Each entry is to be output precisely as it appears.

•••••

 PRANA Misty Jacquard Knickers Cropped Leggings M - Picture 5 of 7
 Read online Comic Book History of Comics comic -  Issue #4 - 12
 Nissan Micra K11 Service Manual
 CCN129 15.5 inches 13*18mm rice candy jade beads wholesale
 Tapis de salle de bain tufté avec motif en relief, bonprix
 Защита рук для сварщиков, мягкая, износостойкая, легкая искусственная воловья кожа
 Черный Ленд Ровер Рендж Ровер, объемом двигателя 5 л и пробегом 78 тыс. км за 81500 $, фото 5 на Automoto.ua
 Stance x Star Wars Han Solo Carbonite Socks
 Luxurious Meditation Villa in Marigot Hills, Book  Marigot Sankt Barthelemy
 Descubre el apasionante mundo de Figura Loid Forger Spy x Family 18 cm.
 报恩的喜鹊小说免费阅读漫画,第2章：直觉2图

•••••

**YOUR SOLUTION**
 PRANA Misty Jacquard Knickers Cropped Leggings M - Picture 5 of 7
 Read online Comic Book History of Comics comic -  Issue #4 - 12
 Nissan Micra K11 Service Manual
 CCN129 15.5 inches 13*18mm rice candy jade beads wholesale
 Tapis de salle de bain tufté avec motif en relief, bonprix
 Защита рук для сварщиков, мягкая, износостойкая, легкая искусственная воловья кожа
 Черный Ленд Ровер Рендж Ровер, объемом двигателя 5 л и пробегом 78 тыс. км за 81500 $, фото 5 на Automoto.ua
 Stance x Star Wars Han Solo Carbonite Socks
 Luxurious Meditation Villa in Marigot Hills, Book  Marigot Sankt Barthelemy
 Descubre el apasionante mundo de Figura Loid Forger Spy x Family 18 cm.
 报恩的喜鹊小说免费阅读漫画,第2章：直觉2图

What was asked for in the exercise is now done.